Below are records to return verbatim; the pictures are to be dropped.
========
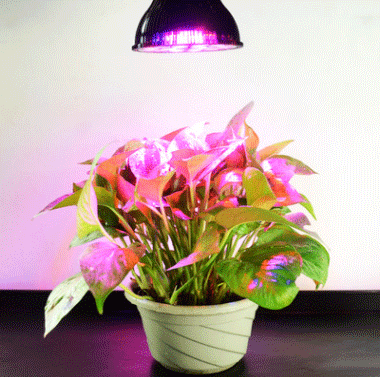 LED plant growth lamp 18*3W plant lamp, plant production supplementary light, indoor supplementary light, greenhouse growth lamp pic 7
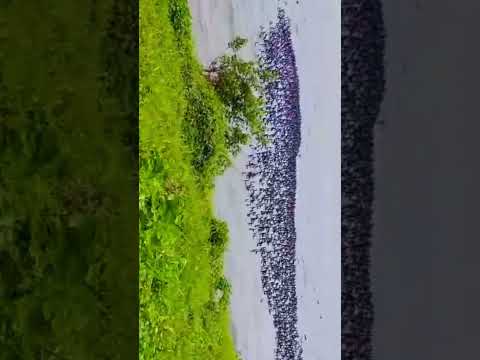 මෙයාලගේ ලස්සන බලන්නකො🥰🥰🤗🤗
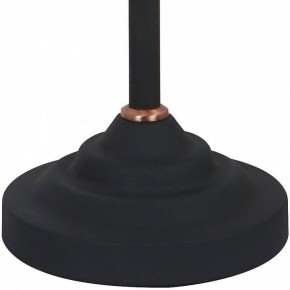 Настольная лампа офисная Arte Lamp Braccio A2054LT-1BK в Качканаре - kachkanar.mebel24.online | фото 4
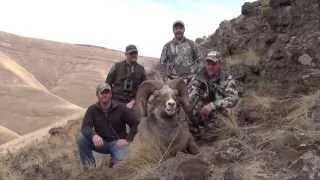 Washington Rocky Mtn Bighorn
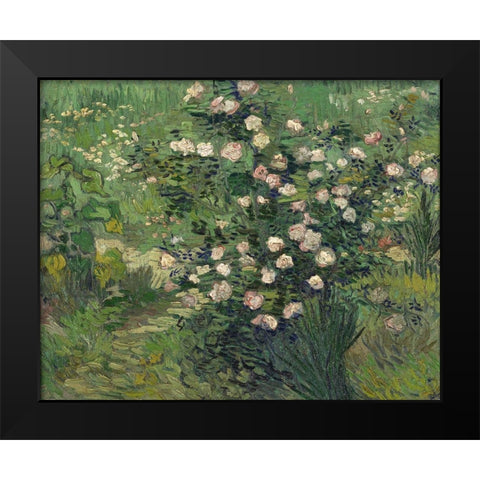 Roses Black Modern Wood Framed Art Print by van Gogh, Vincent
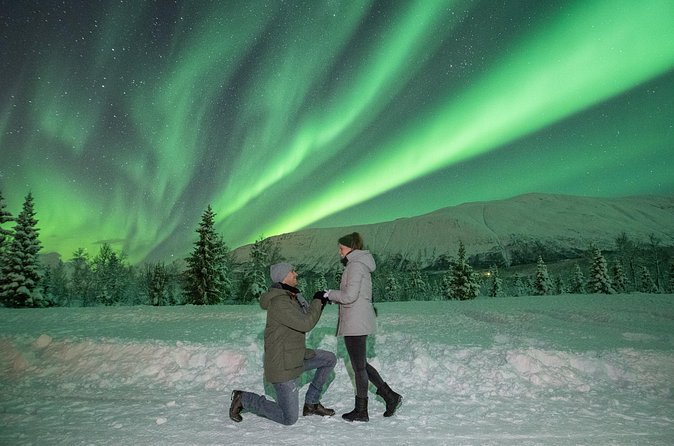 Aurora Safari Chase by big bus, free Photos, toilet onboard - Hot meal upgrade: reindeer stew vs fish soup, and what you should expect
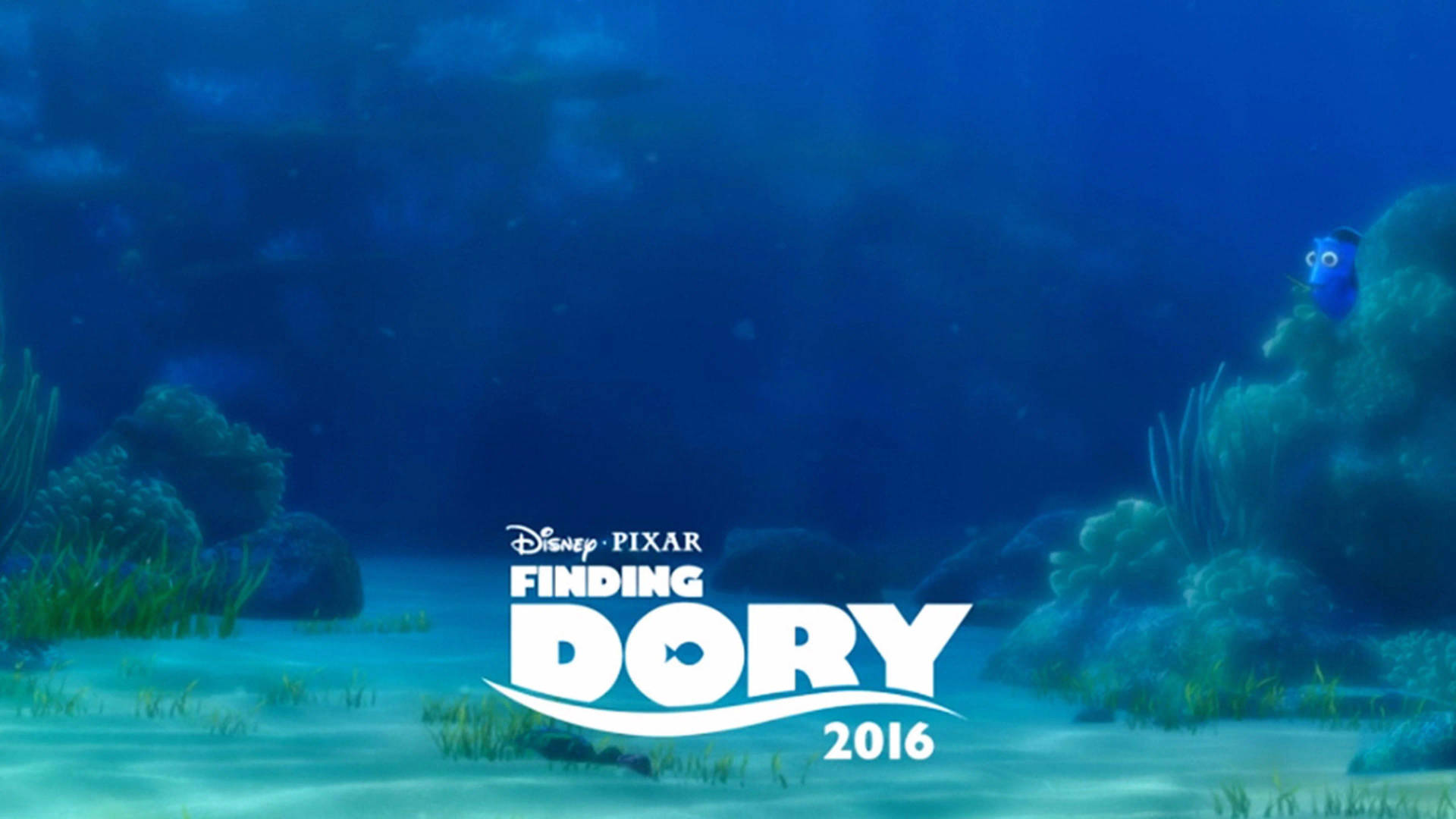 Finding Dory 2016 Movie Wallpaper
========
> **Your solution**
 LED plant growth lamp 18*3W plant lamp, plant production supplementary light, indoor supplementary light, greenhouse growth lamp pic 7
 මෙයාලගේ ලස්සන බලන්නකො🥰🥰🤗🤗
 Настольная лампа офисная Arte Lamp Braccio A2054LT-1BK в Качканаре - kachkanar.mebel24.online | фото 4
 Washington Rocky Mtn Bighorn
 Roses Black Modern Wood Framed Art Print by van Gogh, Vincent
 Aurora Safari Chase by big bus, free Photos, toilet onboard - Hot meal upgrade: reindeer stew vs fish soup, and what you should expect
 Finding Dory 2016 Movie Wallpaper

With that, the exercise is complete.